Register for a CSMC workshop
Inscribing Funerary Space(s)
When: Thursday, 30 March 2023, 9:30 am – Saturday, 1 April 2023, 2:00 pm CEST
Where: Warburgstraße 26, 20354 Hamburg, Room 0001 (Pavilion), and online
From antiquity to modern times, human beings have developed different attitudes toward death and different ways of performing mortuary practices and thus shaping privileged spaces. In almost every culture, written artefacts, which are extremely different in terms of materiality and function, are essential elements of structuring the funerary landscape.
From inscriptions carved or painted on the walls of funerary monuments to written artefacts accompanying the deceased in the long journey to the netherworld, they offer a glimpse not only into the lives of the individuals buried within these areas but also into how societies developed different cultural understandings of the mortuary space. In different ways, these written artefacts can be understood as valuable sources for understanding social and religious customs.
Various cultures over space and time perceive the necropoleis as intrinsically connected with the ‘space of the living’, a threshold between the world of mortals and the world of deities and spirits conceivable to the performance of a variety of ritual and social activities. On the other hand, other societies consider burial grounds as places of memory and sorrow that must necessarily be kept apart from the world of the living.

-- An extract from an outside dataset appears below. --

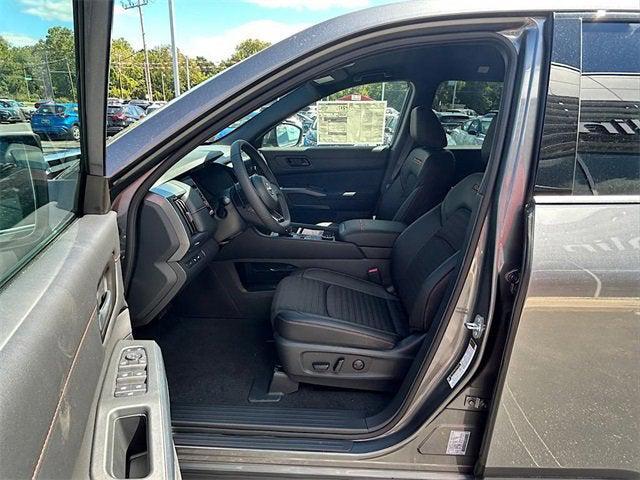 new 2025 Nissan Pathfinder car, priced at $39,073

The variety of approaches to the social understanding of the mortuary landscape has already raised numerous questions regarding the cultural and religious response to death in different cultures and times. In this workshop, we will concentrate on the role of written artefacts and analyse how they framed and structured the ‘cities of the dead’. We aim at opening an interdisciplinary dialogue meant to offer a cross-cultural perspective on the social understanding of the mortuary landscape as inscribed space.